Os candidatos ao magistério primário sujeitavam-se a um exame, por provas públicas (sic), orais e escritas, perante um júri de professores do liceu, presidido pelo Reitor ou comissário dos estudos. Faleceu há pouco o leccionista muito popular e competente desse tempo, que era o Sr.. Domingos dos Santos Gamelas, de saudosa memória. Esse, habilitou, nas horas vagas de desenhador das Obras Públicas, dezenas, centenas, de candidatos ao magistério primário.

Nesses júris entrava uma professora oficial, diplomada, de ensino primário, para apreciar e dar voto de competência, sobre as provas de Lavores. Essas provas eram uma obra de talho, um posponto ou sobrecosido; uma camisa, etc., de linha branca; um taco, ou umas malhas de meia; uma rendinha; etc..

Ora sucedeu que uma das candidatas apresentou ao júri um trabalho em pano, e delicado, para o continuar na mesa e que foi admirado pelos membros do júri, que, todavia não sabiam fazer meia, nem rendinha. No momento de apreciação, o professor / 78 / Sá, que estava na secretaria, foi chamado pelo reitor, amavelmente:

Venha ver, venha admirar este trabalhinho à mão: é um mimo, uma perfeição...

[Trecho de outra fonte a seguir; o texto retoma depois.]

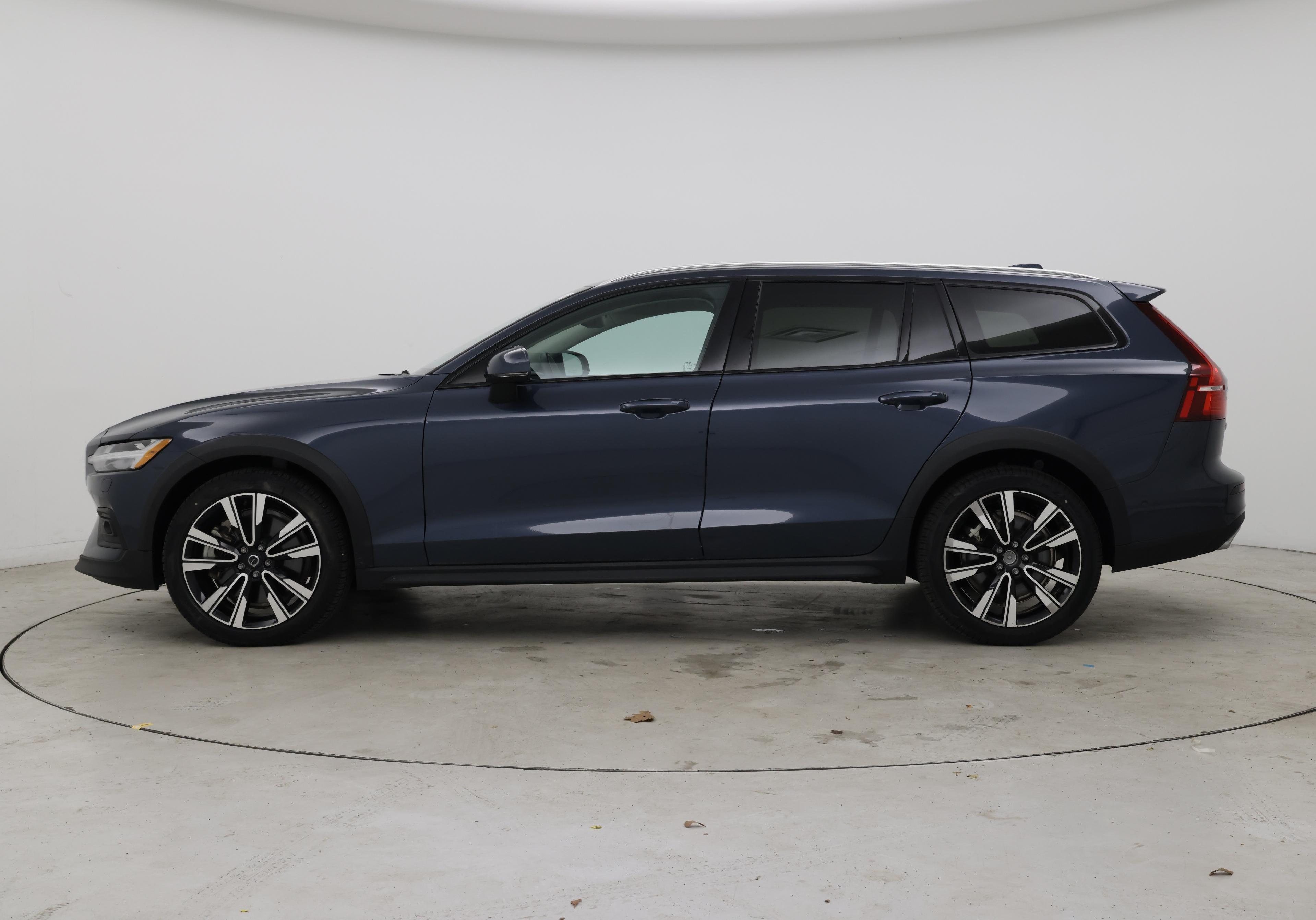 Thumbnail: 2022 Volvo S60 - 3
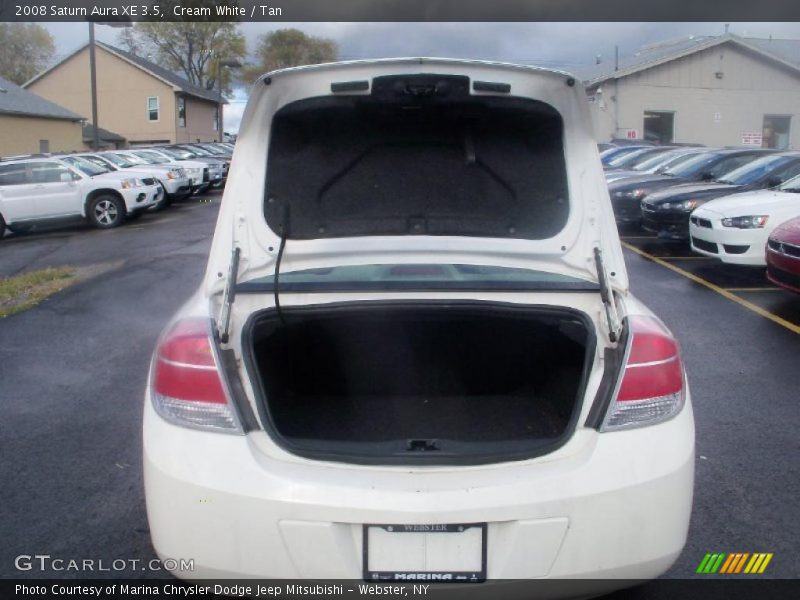 Cream White / Tan 2008 Saturn Aura XE 3.5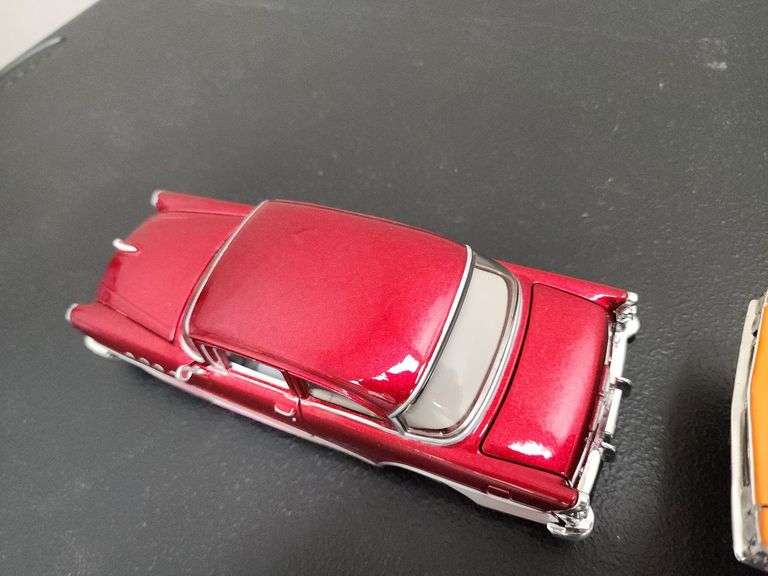 (3) 1:24 Scale Die Cast Cars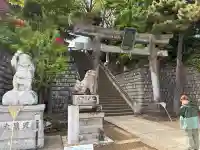 品川神社の{uncategorized: "未分類", other: "その他", undefined: "問題あり", building: "その他建物", grave: "お墓", sacred_gate: "鳥居", guardian: "狛犬", statue: "像", buddha: "仏像", history: "歴史", nature: "自然", garden: "庭園", animal: "動物", pagoda: "塔", temizu: "手水舎", mountain_gate: "山門・神門", sanctuary: "本殿・本堂", subordinate: "末社・摂社", art: "芸術", scenery: "景色", jizo: "地蔵", ema: "絵馬", goshuin: "御朱印", omikuji: "おみくじ", items: "授与品その他", amulet: "お守り", goshuincho: "御朱印帳", eats: "食事", festival: "お祭り", votive_dance: "神楽", shichigosan: "七五三参", wedding: "結婚式", experience: "体験その他", initially: "初詣", around: "周辺", anti_infection: "感染症対策"}
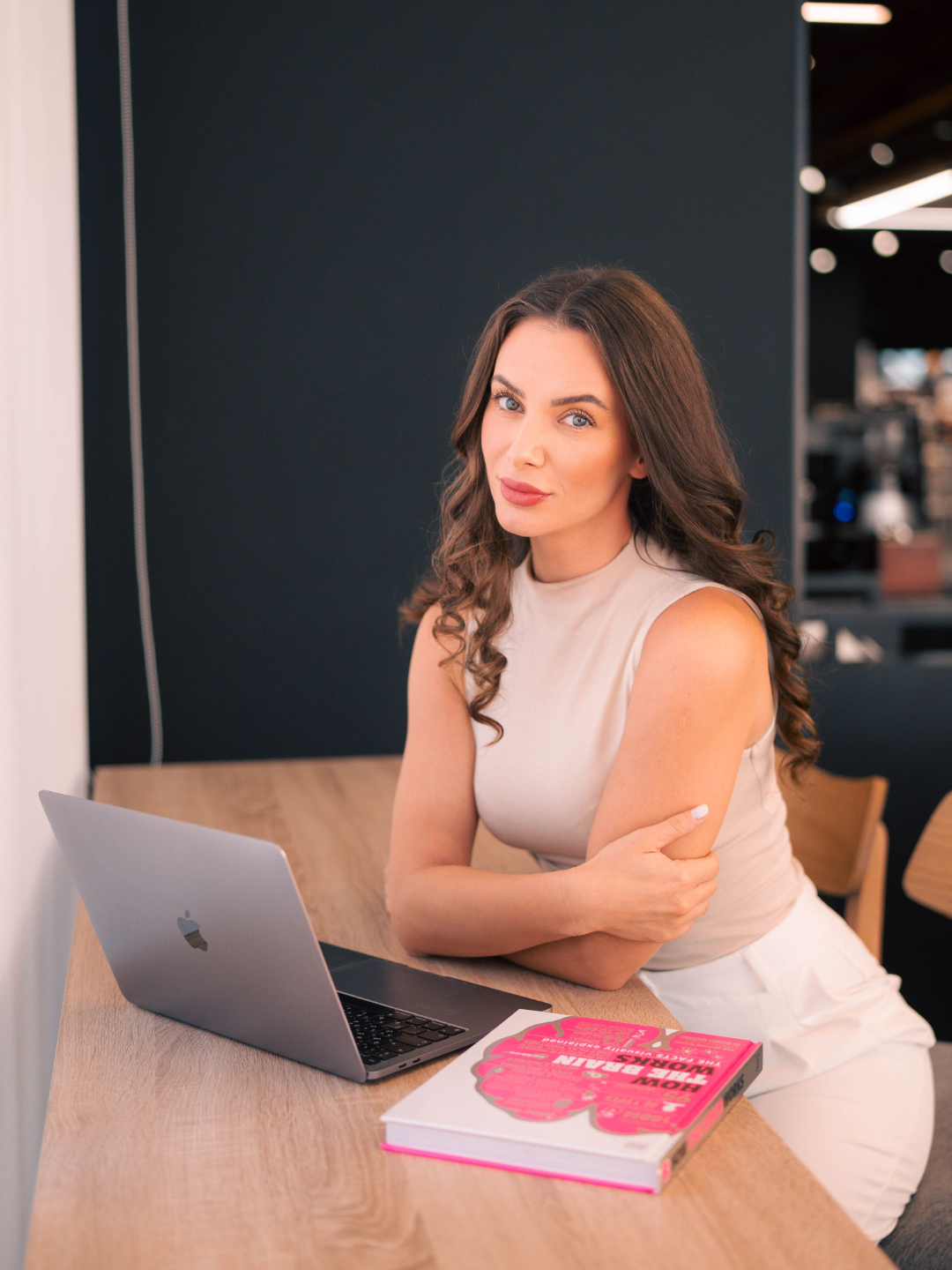 LARISA POP — CERTIFIED BRAIN & NEUROSCIENCE COACH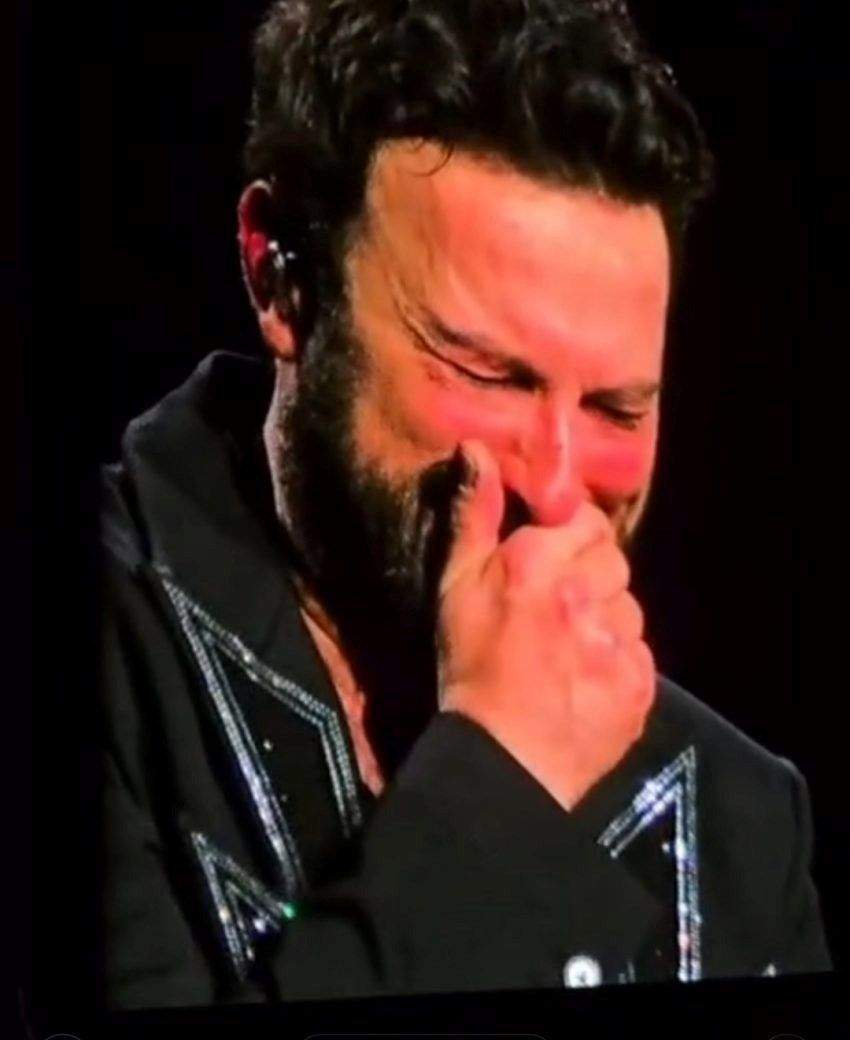 Tarkan sahnede gözyaşlarına boğulmuştu: Acım acınız oldu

O professor Sá aproximou-se da mesa; deram-lhe a rendinha estendida, com jeito e delicadeza; e ele, consciente ou inconscientemente, pegou na rendinha, entre o polegar e o índice das duas mãos, estendendo-a. O Sá estendeu-a, esticou-a, e rompeu ou rasgou, − dizendo sentenciosamente:

Ora adeus: não tem consistência nenhuma!

Sob esta judiciosa sentença se fez a votação dos valores. A candidata, todavia, obteve a classificação de Bom sem consistência; episódios infantis e pedagógicos.